Antes do evento, eles participam de uma reunião bilateral. Anfitrião do encontro, o presidente americano foi o primeiro a falar. Ele afirmou que Brasil e Estados Unidos, sendo as maiores democracias do Ocidente, estão “se erguendo para defender os direitos humanos ao redor do mundo”, o que inclui os direitos trabalhistas.
O petista respondeu que é um momento histórico exemplar em termos geopolíticos, diante das ameaças à democracia por setores extremistas.
Segundo Lula, o objetivo da proposta é oferecer uma perspectiva, especialmente para a juventude, em um momento em que o mercado de trabalho passa por transformações como a crise climática e a inteligência artificial.
“Eu acompanhei seu discurso de posse e outros e nunca vi um presidente americano falar tanto e tão bem dos trabalhadores quanto o senhor”, disse o presidente a Biden.
“É mais que bilateral, é o renascer de um novo tempo da relação entre Brasil e Estados Unidos, relação entre iguais, soberanos, de interesse comum”, completou.
Biden, por sua vez, disse que EUA e Brasil têm a obrigação de liderar a próxima geração para um mundo melhor. Quebrando protocolo, ele voltou a responder Lula no trecho aberto da reunião, contando que ouvia de seu pai que trabalho é muito mais que salário, é também dignidade e respeito.

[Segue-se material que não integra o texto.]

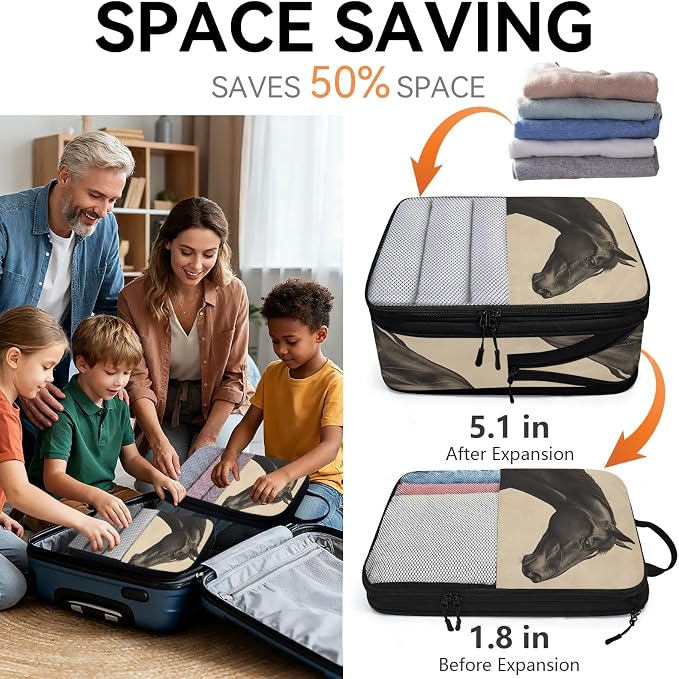Horse 6 Set Compression Packing Cubes Animal Expandable Packing Organizer for Travel Accessories Luggage Suitcase Bag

O petista não deixou passar batido a greve histórica de trabalhadores de montadoras nos EUA, que começou na última sexta. Lula afirmou que o ministro do Trabalho, Luiz Marinho, se reuniu com a UAW, o sindicato que comanda a paralisação.
Apesar do tema ser centrado em trabalho, Lula aproveitou para falar das oportunidades de investimento no Brasil em energia limpa, como biocombustíveis e hidrogênio verde.